Kochi: The start of the rainy season in Kerala has been worse than expected this year, driving fears that the rice and plantation crops would be seriously affected.
The state received 23.4cm of rain during 1-18 June, lower than the 50-year average of 38cm for the period, said M.D. Ramachandran, India Meteorological Department’s director in Thiruvananthapuram.
Longing for rain: A farmer walks through a barren rice paddy field on his farm at Mundur in Kerala’s Palakkad district. (Photograph by Prashanth Vishwanathan/ Bloomberg)
The monsoon current that began near the Lakshadweep islands moved away from Kerala, resulting in low rainfall and humidity, even as the rains have been normal in rest of the country, he said.

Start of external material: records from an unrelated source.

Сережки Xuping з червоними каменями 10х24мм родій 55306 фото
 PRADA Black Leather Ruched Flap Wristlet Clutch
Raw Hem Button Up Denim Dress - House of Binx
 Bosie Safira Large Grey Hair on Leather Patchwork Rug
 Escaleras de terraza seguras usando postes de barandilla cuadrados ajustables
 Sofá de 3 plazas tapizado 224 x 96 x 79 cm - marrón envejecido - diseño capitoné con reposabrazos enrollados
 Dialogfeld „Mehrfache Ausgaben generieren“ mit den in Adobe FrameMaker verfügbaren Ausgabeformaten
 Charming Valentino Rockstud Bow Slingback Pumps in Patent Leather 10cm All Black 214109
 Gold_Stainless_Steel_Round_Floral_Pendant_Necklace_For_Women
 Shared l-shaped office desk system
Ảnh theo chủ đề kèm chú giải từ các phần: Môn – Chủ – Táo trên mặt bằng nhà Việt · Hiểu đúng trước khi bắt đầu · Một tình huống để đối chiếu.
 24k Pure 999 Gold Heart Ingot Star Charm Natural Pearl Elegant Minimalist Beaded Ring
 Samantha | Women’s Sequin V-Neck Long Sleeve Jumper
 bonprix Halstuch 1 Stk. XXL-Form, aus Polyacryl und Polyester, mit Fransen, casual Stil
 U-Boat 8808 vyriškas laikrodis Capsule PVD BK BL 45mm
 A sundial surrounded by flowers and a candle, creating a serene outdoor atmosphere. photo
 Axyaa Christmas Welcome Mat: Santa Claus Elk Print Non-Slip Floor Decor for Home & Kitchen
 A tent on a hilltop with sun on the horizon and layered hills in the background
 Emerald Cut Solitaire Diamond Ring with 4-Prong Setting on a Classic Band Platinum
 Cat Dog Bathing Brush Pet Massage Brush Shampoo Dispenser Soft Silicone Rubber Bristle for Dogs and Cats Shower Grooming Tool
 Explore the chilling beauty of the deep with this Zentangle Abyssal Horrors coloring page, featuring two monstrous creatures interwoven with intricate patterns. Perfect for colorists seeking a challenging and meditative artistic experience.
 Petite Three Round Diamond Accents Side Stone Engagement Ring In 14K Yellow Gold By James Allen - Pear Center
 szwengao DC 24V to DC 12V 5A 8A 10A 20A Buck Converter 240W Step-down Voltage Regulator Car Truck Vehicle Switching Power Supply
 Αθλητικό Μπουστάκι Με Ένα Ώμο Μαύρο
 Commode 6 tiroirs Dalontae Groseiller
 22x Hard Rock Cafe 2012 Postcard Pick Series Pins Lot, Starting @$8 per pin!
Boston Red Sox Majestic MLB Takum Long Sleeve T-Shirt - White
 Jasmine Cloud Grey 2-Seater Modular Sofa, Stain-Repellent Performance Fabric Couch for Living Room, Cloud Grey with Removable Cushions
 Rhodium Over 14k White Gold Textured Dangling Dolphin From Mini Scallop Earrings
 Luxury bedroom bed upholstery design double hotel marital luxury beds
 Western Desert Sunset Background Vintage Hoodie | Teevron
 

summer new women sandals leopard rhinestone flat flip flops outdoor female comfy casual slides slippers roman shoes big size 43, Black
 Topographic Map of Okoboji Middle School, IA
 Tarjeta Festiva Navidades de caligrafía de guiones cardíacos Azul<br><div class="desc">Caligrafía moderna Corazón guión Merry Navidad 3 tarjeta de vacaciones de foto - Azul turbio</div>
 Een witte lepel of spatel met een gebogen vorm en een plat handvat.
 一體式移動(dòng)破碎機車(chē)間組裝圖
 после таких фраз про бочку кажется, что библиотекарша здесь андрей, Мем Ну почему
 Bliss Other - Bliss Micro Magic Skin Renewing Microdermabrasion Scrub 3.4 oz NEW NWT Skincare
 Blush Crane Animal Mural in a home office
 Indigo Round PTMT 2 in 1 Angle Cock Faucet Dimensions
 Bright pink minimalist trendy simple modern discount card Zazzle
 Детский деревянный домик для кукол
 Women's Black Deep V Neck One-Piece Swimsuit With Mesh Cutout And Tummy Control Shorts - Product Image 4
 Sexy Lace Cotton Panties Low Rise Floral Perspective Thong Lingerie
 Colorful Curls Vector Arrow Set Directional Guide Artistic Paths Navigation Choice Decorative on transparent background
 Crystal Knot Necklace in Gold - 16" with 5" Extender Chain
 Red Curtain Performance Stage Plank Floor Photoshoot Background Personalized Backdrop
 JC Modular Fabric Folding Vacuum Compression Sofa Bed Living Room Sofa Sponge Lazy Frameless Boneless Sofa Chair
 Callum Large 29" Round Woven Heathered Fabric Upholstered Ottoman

Farmers in Kerala—where the economy leans heavily on agriculture—are hoping there will be many more showers in the next four months of the south-west monsoon.
“Already, tea estates across the state have been badly affected and the June crop is likely to be very low,” said David King, president of the Association of Planters of Kerala. “Also, replanting in tea and cardamom gardens have been delayed on expectations that the rains will pick up.”
Another concern is a possible increase in the spread of pests. “Heavy rains wash the pests away but if the situation prevails (heavy winds and poor rains), the estates will be infested with pests,” King said.
Coffee yield is also expected to be lower this year, as pre-monsoon showers at the time of flowering has hurt pollination, said K. Moidu, president of Wayanad Coffee Growers Association.
However, sufficient pre-monsoon showers and spurts of rain in the cardamom-growing districts of Idukki and Wayanad have proved beneficial to the crop, said B.A. Vadhiraj, an agronomist at the Indian Institute of Cardamom Research in Idukki.
The monsoon pattern will help the country have a bumper cardamom crop this year, Vadhiraj added. Cardamom yield in India had fallen to 9,500 tonnes in 2007-08 from 11,235 tonnes in the previous year. The distribution of the showers is more crucial to crops than its intensity, said V.A. Parthasarathy, director of the Indian Institute of Spices Research at Kozhikode.
Heavy pre-monsoon showers may have led to the spiking of pepper vines, which normally occurs during the monsoons, after which the berries grow to be mature for plucking by the end of the year, he said.
Lower rainfall may also have helped rubber plantations. The low intensity of this year’s rains has increased moisture in the top soil, which should help in the growth of rubber trees, said a farmer.